WORKING DATA:
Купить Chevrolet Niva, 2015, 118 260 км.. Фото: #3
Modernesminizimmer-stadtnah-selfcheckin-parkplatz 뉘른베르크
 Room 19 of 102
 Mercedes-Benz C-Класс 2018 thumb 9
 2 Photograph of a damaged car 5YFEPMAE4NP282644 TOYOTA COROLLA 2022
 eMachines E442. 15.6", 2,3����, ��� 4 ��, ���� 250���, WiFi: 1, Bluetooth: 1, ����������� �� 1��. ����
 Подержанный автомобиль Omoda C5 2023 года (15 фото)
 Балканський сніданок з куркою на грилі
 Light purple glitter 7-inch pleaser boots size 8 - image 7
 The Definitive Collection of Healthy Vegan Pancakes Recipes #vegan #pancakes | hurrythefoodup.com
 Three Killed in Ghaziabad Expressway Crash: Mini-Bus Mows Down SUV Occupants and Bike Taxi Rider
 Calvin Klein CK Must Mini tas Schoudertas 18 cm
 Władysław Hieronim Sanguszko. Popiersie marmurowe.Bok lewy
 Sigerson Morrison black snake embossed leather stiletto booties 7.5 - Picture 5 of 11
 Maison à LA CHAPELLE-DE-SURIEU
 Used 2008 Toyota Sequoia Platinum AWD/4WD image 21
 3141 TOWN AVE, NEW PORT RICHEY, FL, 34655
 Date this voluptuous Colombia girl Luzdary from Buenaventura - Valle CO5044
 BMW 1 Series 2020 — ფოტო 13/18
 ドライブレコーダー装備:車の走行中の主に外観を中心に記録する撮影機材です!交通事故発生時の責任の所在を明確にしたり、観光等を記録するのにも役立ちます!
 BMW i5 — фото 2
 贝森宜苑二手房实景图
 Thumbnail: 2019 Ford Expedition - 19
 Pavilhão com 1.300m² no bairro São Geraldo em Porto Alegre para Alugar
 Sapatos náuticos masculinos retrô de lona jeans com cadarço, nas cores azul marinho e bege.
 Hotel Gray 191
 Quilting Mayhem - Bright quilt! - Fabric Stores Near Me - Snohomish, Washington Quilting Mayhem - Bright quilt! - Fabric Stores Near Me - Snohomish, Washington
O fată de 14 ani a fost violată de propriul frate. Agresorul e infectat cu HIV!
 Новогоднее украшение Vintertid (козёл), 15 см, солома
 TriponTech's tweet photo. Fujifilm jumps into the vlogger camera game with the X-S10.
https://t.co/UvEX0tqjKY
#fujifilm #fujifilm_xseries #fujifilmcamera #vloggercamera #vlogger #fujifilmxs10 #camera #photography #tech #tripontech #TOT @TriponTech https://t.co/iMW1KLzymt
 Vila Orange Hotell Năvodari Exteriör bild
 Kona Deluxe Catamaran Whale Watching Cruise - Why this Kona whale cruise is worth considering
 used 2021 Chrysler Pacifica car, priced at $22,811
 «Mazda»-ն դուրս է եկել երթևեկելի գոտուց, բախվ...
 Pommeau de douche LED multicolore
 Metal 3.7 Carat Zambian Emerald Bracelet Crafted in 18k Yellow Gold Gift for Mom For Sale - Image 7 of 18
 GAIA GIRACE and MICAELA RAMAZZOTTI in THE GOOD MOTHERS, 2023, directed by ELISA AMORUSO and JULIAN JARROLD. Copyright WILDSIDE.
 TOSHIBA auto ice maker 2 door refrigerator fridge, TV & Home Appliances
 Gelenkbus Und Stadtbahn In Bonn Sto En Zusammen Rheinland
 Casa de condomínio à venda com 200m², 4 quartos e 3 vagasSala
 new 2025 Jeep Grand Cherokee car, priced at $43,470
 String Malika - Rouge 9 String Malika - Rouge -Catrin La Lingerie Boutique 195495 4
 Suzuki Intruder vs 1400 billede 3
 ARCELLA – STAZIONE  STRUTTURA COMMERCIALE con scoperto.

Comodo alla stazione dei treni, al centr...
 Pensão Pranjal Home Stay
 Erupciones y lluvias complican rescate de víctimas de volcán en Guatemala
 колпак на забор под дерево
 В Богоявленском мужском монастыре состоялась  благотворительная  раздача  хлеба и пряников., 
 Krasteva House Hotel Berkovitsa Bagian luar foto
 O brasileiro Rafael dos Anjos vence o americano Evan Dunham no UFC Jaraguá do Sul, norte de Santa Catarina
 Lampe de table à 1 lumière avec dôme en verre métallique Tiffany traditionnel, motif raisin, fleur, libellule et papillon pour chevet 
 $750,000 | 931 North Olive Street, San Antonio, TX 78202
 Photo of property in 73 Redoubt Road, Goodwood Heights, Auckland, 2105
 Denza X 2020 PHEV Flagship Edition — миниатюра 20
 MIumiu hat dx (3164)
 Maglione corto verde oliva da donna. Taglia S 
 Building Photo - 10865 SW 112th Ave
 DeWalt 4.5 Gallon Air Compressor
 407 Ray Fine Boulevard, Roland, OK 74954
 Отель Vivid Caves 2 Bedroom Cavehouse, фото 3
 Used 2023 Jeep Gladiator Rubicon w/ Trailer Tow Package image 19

YOUR TASK:
In the entries above, find each line containing the string "TriponTech" and copy it.

TASK SOLUTION:
 TriponTech's tweet photo. Fujifilm jumps into the vlogger camera game with the X-S10.
#fujifilm #fujifilm_xseries #fujifilmcamera #vloggercamera #vlogger #fujifilmxs10 #camera #photography #tech #tripontech #TOT @TriponTech https://t.co/iMW1KLzymt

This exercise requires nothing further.